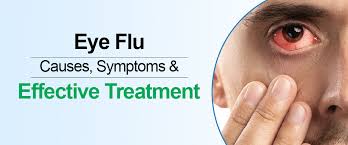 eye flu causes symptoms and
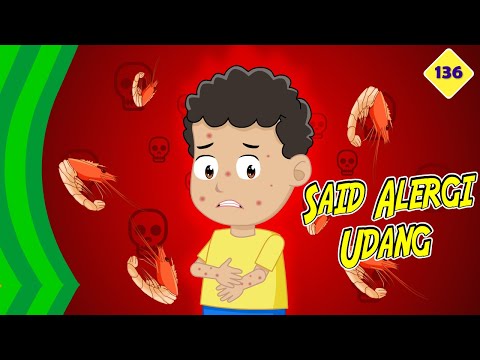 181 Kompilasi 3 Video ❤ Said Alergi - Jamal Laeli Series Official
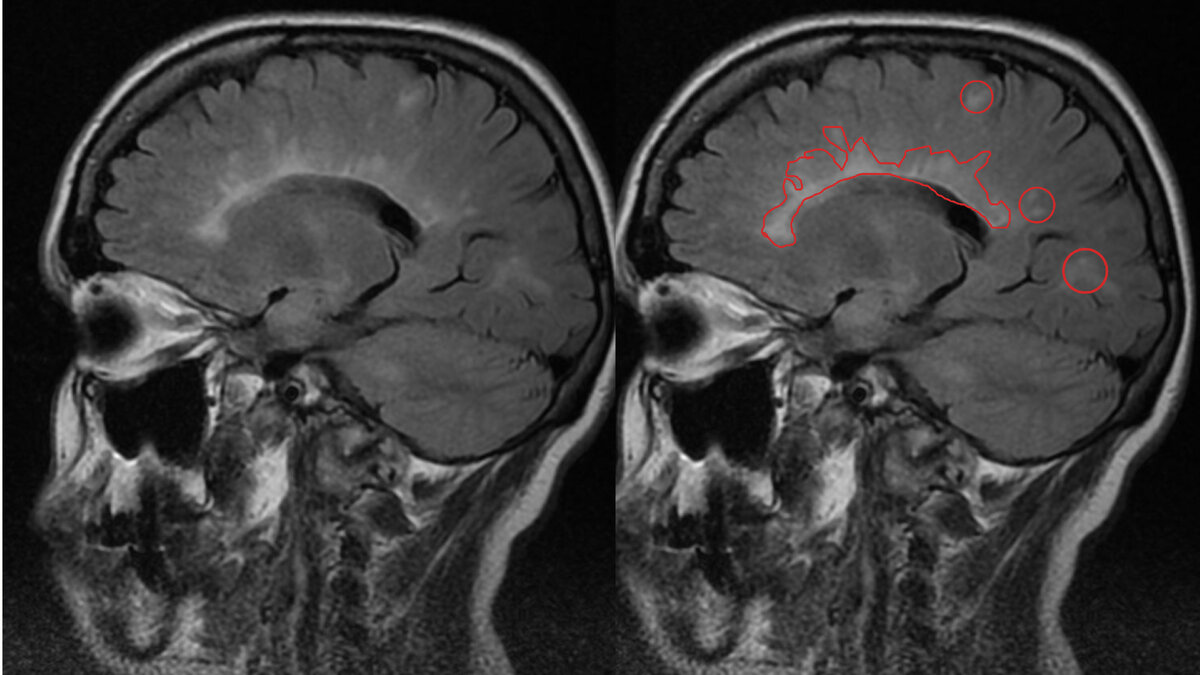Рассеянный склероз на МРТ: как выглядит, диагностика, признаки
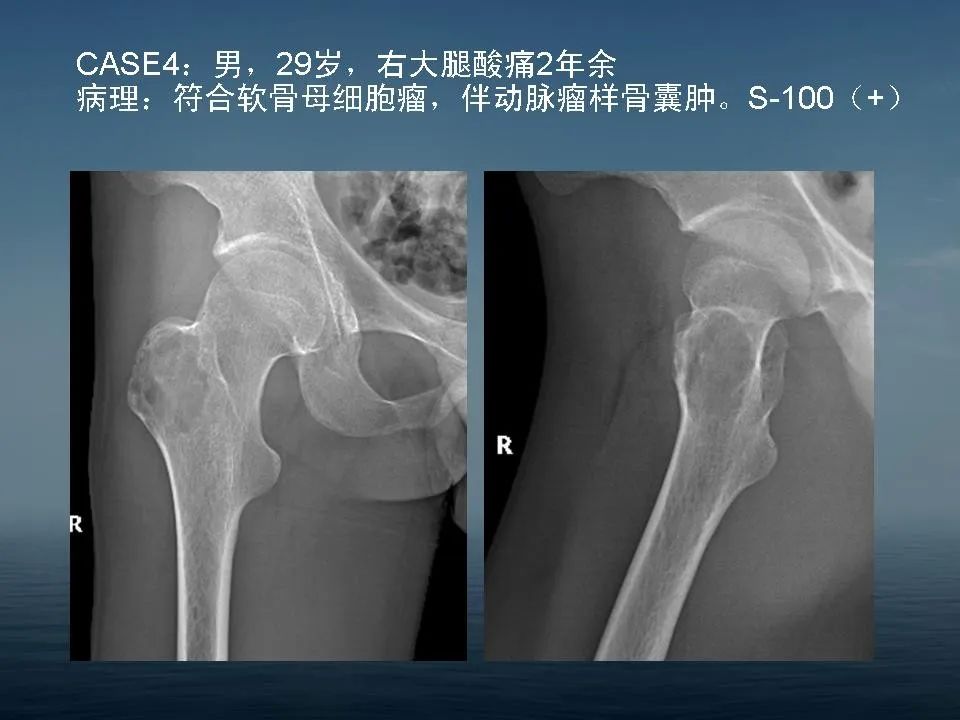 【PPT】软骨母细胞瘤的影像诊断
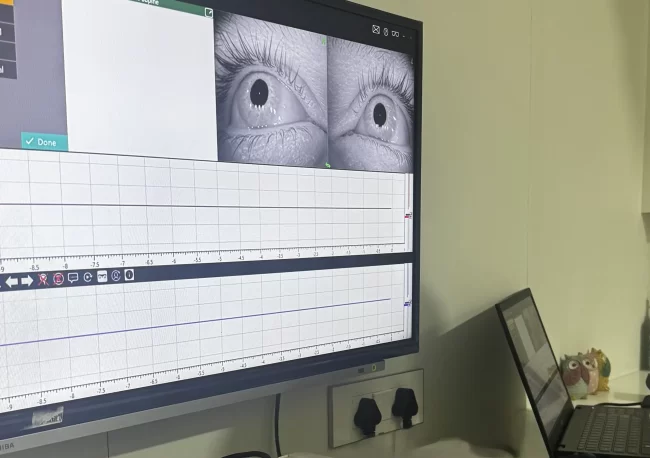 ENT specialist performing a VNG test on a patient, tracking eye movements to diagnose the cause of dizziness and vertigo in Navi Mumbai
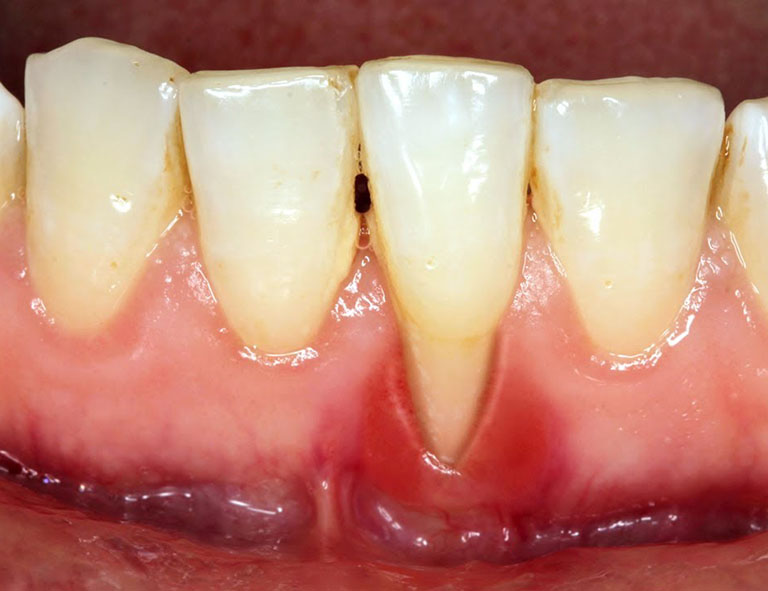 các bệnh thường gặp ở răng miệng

• **Task**
Starting with the first entry and ending with the last, reproduce the listing exactly, without its pictures.

• **Answer below**
 eye flu causes symptoms and
 181 Kompilasi 3 Video ❤ Said Alergi - Jamal Laeli Series Official
Рассеянный склероз на МРТ: как выглядит, диагностика, признаки
 【PPT】软骨母细胞瘤的影像诊断
 ENT specialist performing a VNG test on a patient, tracking eye movements to diagnose the cause of dizziness and vertigo in Navi Mumbai
 các bệnh thường gặp ở răng miệng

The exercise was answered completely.